Continuous cooling transformation (CCT) diagrams of β Ti-40Nb and TMZF alloys and influence of cooling rate on microstructure and elastic modulus

Abstract

Considering an increase in the interaction time between a patient and a metallic implant, new problems can emerge, such as stress shielding and fracture due to mechanical failure. Thus, metallic biomaterials that are used as implants need to be improved decreasing their elastic modulus as the mechanical biocompatibility between a bone and an implant can be improved and prevent the stress shielding phenomena. Therefore, β Ti alloys have gained ground over the last decades as both the β phase and the martensitic α″ phase can lead to a decrease in the elastic modulus. This research aimed to obtain experimental continuous cooling transformation (CCT) diagrams for metastable β Ti-12Mo-6Zr-2Fe (TMZF) and stable β Ti-40Nb (wt. %) alloys through dilatometry tests and differential scanning calorimetry (DSC) analysis.
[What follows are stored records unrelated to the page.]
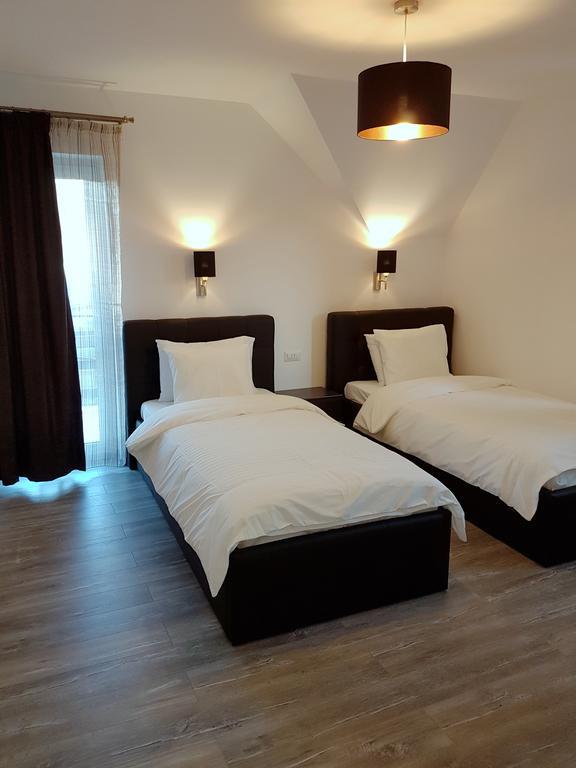 Pensiunea Mirage Tomesti  Dış mekan fotoğraf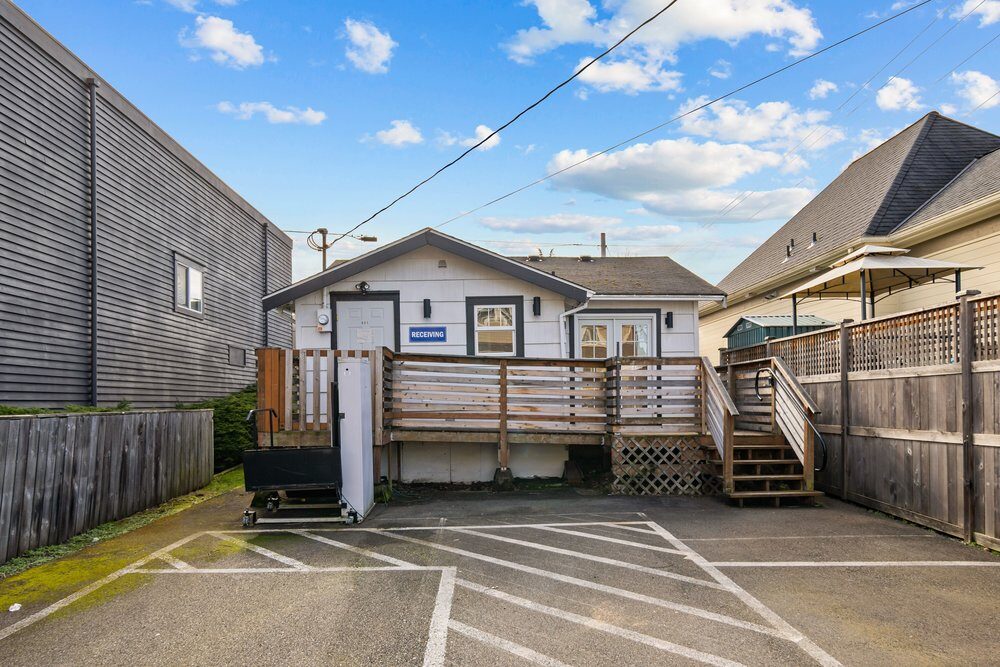 605 Main St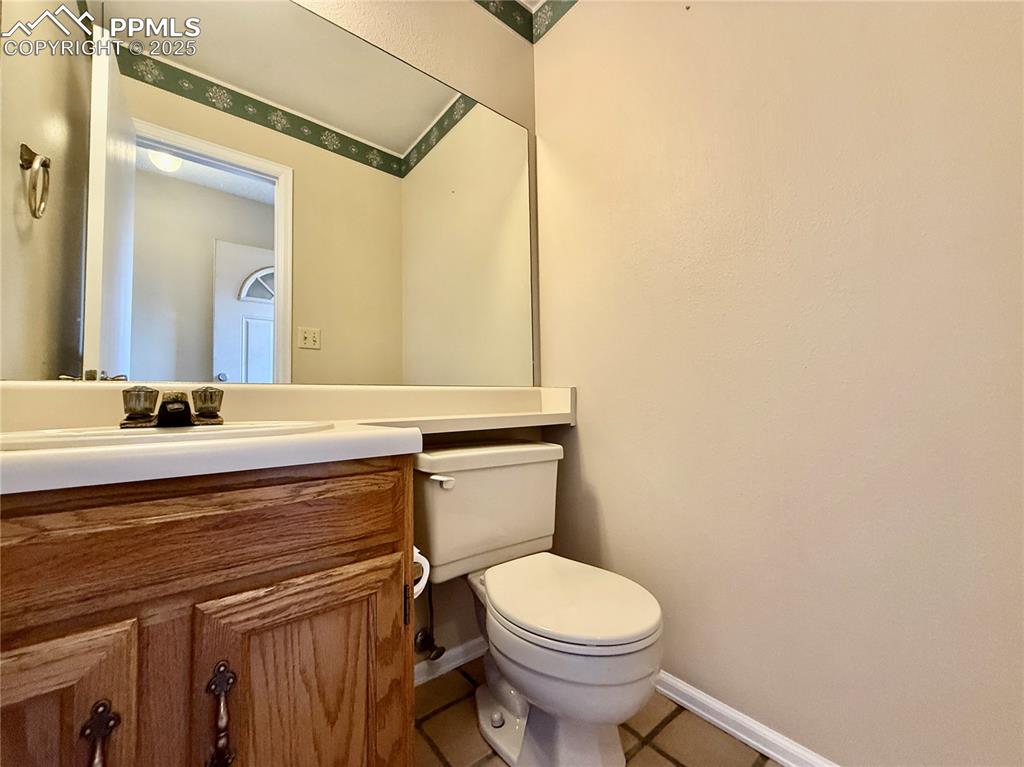 Image 16 of 27: Bathroom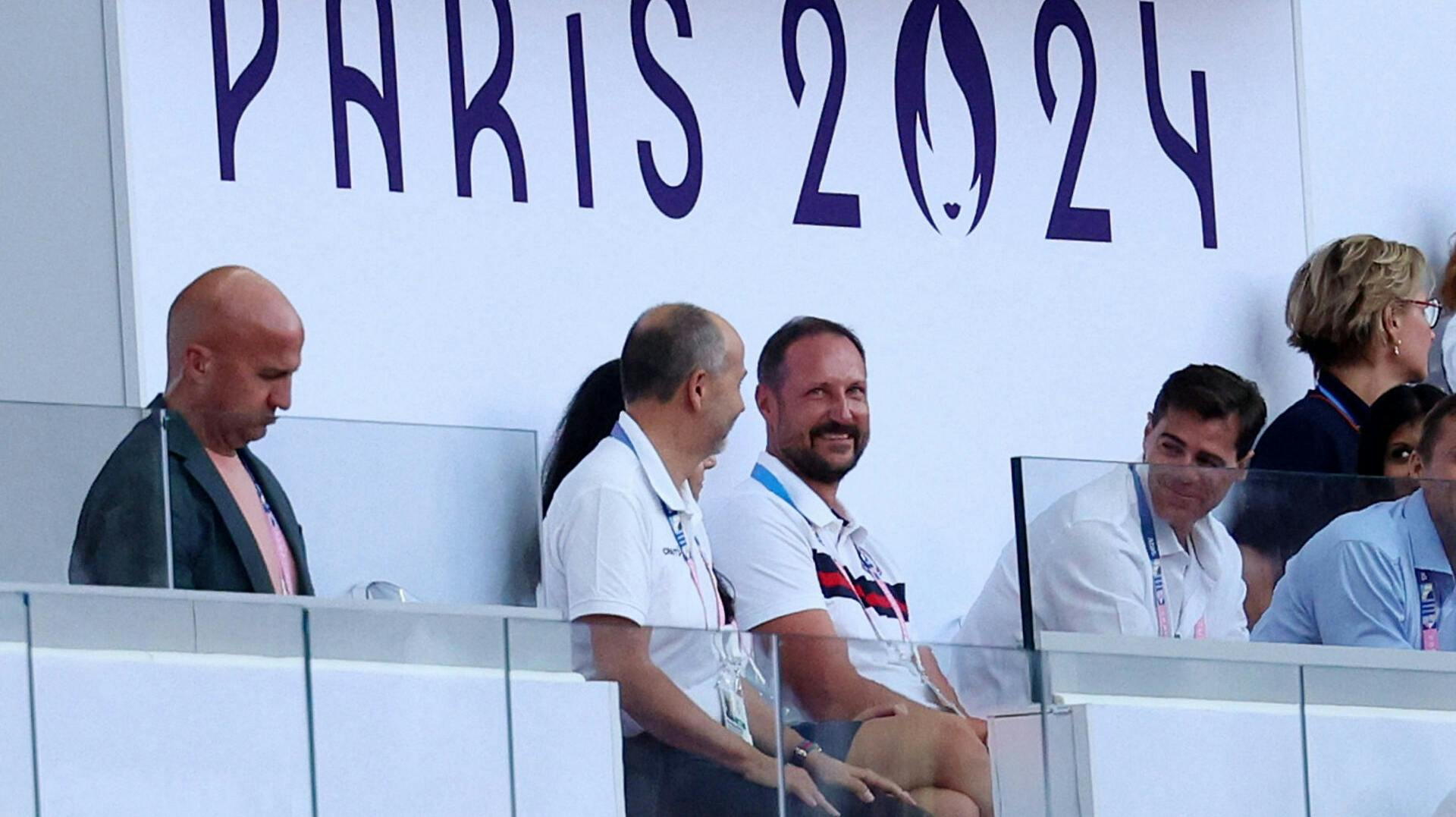 Paris 2024 Olympics - Athletics - Men's 1500m Final - Stade de France, Saint-Denis, France - August 06, 2024. Haakon, Crown Prince of Norway in the stands REUTERS/Phil Noble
The microstructure characterization by optical (OM) and scanning electron microscopy (SEM), the elastic modulus, E (GPa) and the Vickers microhardness (HV) were analyzed under varied cooling rates from the β field, as well as rapidly solidified by copper mold casting. The results showed that the higher the cooling rate imposed, the lower the Vickers microhardness and elastic modulus values for both alloys, which were 56 GPa and 144 HV for Ti-40Nb and 74 GPa and 333 HV for the best condition (rapid solidified).